Die Entscheidung des BAG aus dem Jahr 2016 war ein Fingerzeig. Sicher war damit die Antwort auf die Fragestellung „arbeitsvertragliche Ausschlussfrist und Mindestlohn“ jedoch keineswegs. Mit der Entscheidung vom 18. September 2018 – 9 AZR 162/18 sind diese Unsicherheiten für Verträge, die nach dem 31. Dezember 2014 geschlossen wurden, nun beseitigt. Eine Ausschlussfrist, die die Ansprüche, die das Mindestlohngesetz sichert, nicht ausdrücklich ausnimmt, ist unverständlich und damit unwirksam. Arbeitgeber sollten prüfen, ob die von ihnen verwendeten Vertragsformulare diesen Ansprüchen genügen. Arbeitnehmer sollten sich fachkundig beraten lassen, bevor sie wegen eines Hinweises des Arbeitgebers auf eine vertragliche Ausschlussfrist auf die Geltendmachung von Ansprüchen verzichten.

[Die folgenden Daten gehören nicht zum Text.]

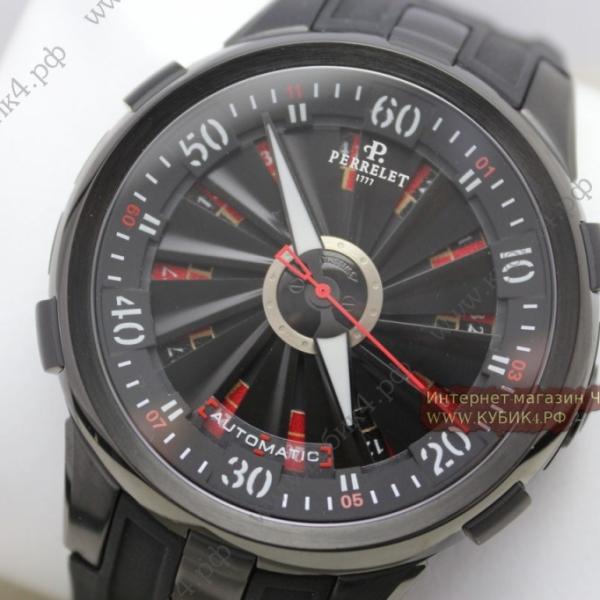 Perrelet Turbine Pilot All Black Red Turbine (код 003-01)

Ausblick: Arbeitsvertragliche Ausschlussfrist und Mindestlohn in Altverträgen

Keine Prognose kann derzeit gewagt werden, wie das BAG das Problem Ausschlussfrist und Mindestlohn in Verträgen bewertet, die vor der Einführung des Mindestlohns geschlossen wurden. Früher oder später wird es darüber sicher zu entscheiden haben; wir werden Sie informieren.